Now that all of these nmap scan types, option settings, and information screens have been documented, how can this conglomeration of data help an organization with real-world security requirements?

The following scenarios are common examples that are found in many organizations. These are written from the perspective of a network or security manager who provides uptime and availability of an organization's systems. It's also assumed that the security team will have nmap scanning systems that run with privileged access.

With every nmap scan, there are some options that are always recommended. The verbose option should always be specified at its highest level (-vv), and the universal output format (-oA) should also be used. Since the differently formatted nmap output files occasionally contain different pieces of information, saving the nmap information into all formats can provide important information after the scan. It's also assumed that the security team will have nmap scanning system that run with privileged access.

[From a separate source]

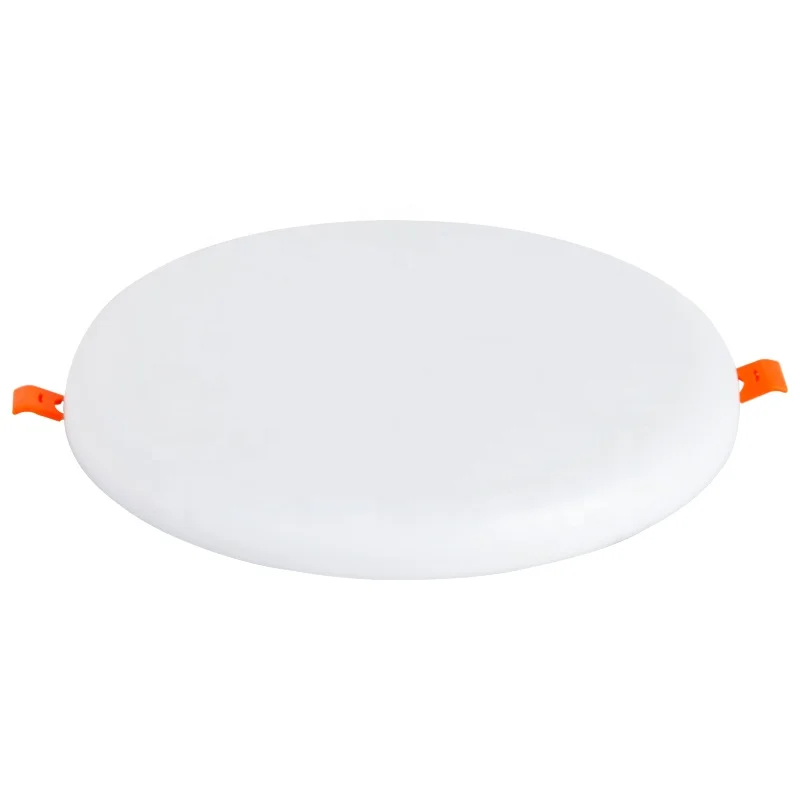 2019 new design round and square shape 9W 18W 24W 36W smd back light led panel lamp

The --excludefile option should also be used with every nmap scan. The exclude file should be updated with the most important IP addresses in the organization, or the IP addresses that should never be scanned under any circumstances. Nmap scans that operate without incident on some systems may have far-reaching effects on others! For example, an older telephone system or a legacy router may not be able to provide the resources required by nmap, and these systems may crash or become unavailable if the nmap scan is too aggressive. Exclude options always take priority over any includes, so identifying these IP addresses in an exclude file will ensure that they are never scanned by nmap.